Last year, I worked on Pine Ridge Indian Reservation, where I had the privilege of providing medical care to members of the Oglala Lakota Tribe. The people there were culturally rich, but living in poverty. They also suffered from poor health, particularly chronic illnesses. Most of the time, they had not just one but multiple chronic diseases, a state called multimorbidity.
As a hospitalist, I witnessed how drastically the complications of these diseases can change lives. When a patient in their thirties with a family and a job undergoes an amputation because of a diabetic foot infection, their life is permanently altered. It is likely that their ability to comply with their medical regimen was already difficult. After the amputation, it would only become more challenging, as they would have to manage their new physical limitation on top of their daily responsibilities and medical routines. This concept – the idea that the work of being a patient can have lasting effects on the lives of individuals – is called burden of treatment (BOT).

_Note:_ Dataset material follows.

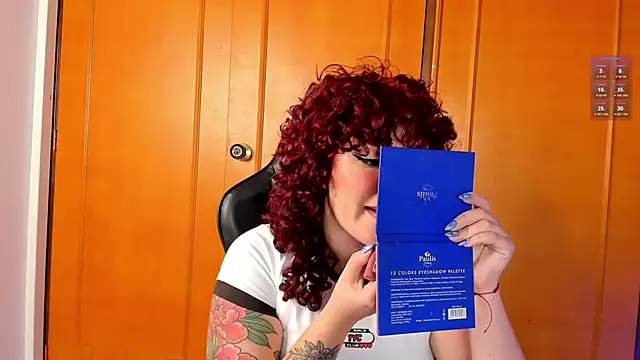 Snapshot of Amy_art chatting on 01/28/25, 09:08 Amy art online show from 01/28/25, 09:08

On Pine Ridge, BOT was high for many reasons. The geographic isolation, extreme climate, and sparse job opportunities were just some of the things that made everyday life challenging. Things took more work, time, and energy, which meant that good medical adherence was not a priority for many. In addition, patients had to grapple with a medical system that was under-resourced, disorganized, and far from being able to provide them with the required support – increasing BOT and impacting adherence.
As I came to understand these challenges, I realized that these patients needed medical care that would actually help them engage in their treatment plans in order to effectively treat their chronic conditions. For example, simply trying to follow medication guidelines for diabetes wouldn’t suffice. It resulted in them simply feeling overwhelmed, causing them to neglect all or part of it. This led to worse outcomes. It was a perpetual cycle that couldn’t just be broken by medications but required education, psychosocial support, therapeutic patient-physician relationships, and more streamlined medical care.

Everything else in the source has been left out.